Data under study →
══════════

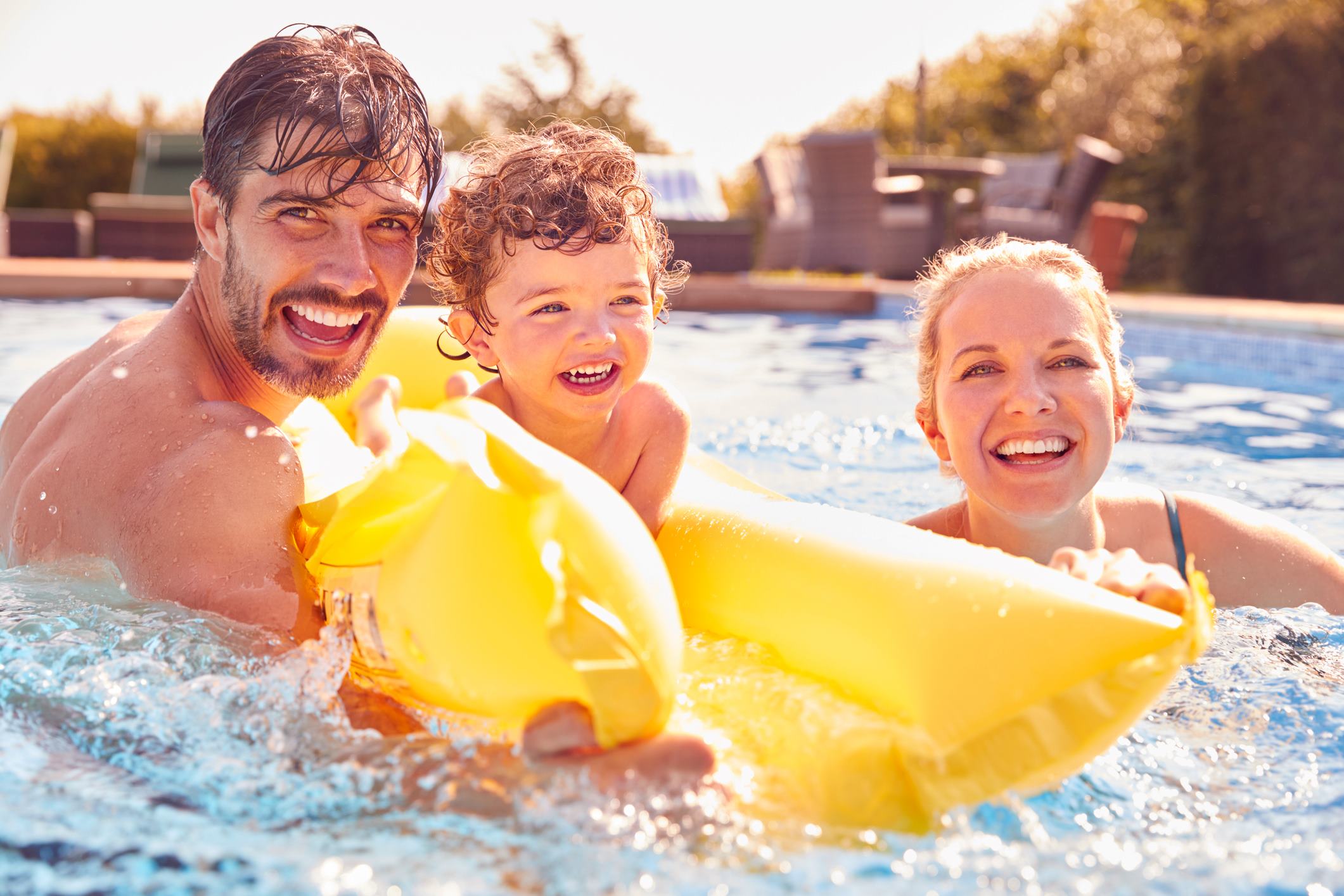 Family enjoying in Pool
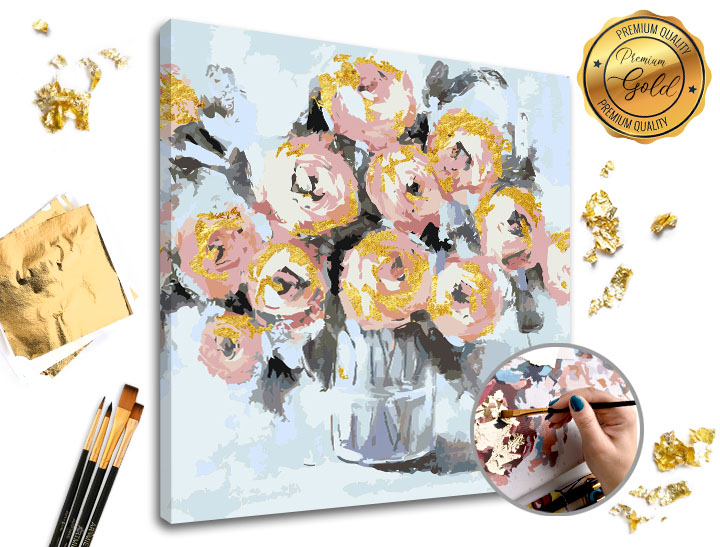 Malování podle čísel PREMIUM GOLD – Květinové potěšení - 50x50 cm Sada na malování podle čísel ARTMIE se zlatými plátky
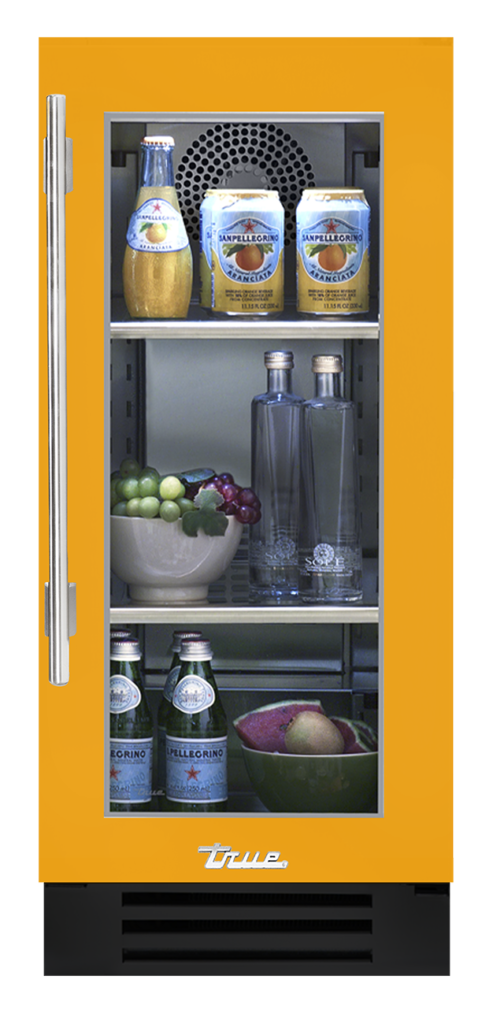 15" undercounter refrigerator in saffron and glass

══════════

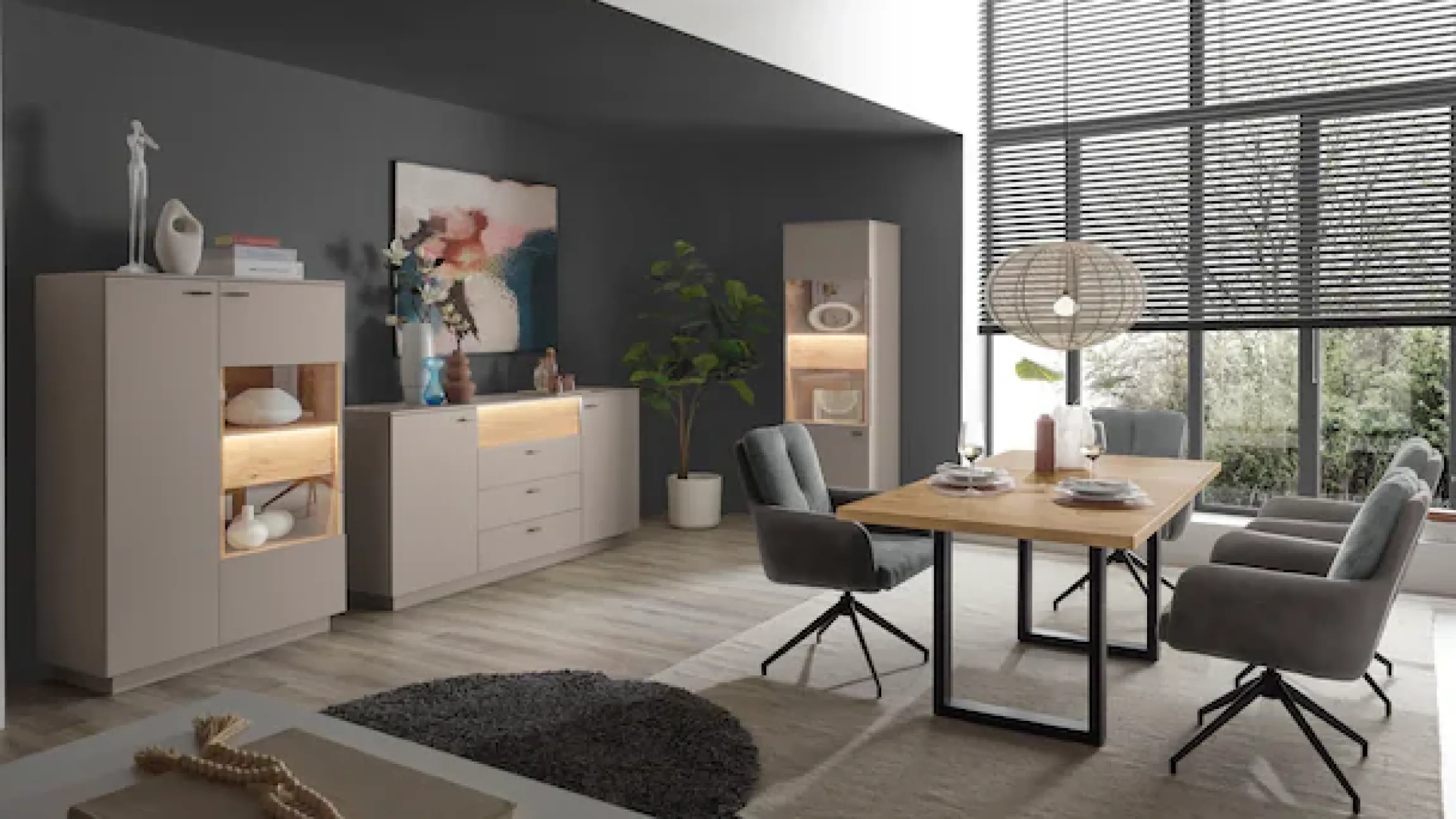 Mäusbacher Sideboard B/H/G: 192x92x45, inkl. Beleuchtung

══════════

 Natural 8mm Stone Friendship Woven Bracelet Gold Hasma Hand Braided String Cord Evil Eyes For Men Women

══════════

Task objective →
From the line containing "Family enjoying in Pool" through the line containing "saffron and glass", copy every line above exactly, without pictures.

Solution to the problem →
 Family enjoying in Pool
 Malování podle čísel PREMIUM GOLD – Květinové potěšení - 50x50 cm Sada na malování podle čísel ARTMIE se zlatými plátky
 15" undercounter refrigerator in saffron and glass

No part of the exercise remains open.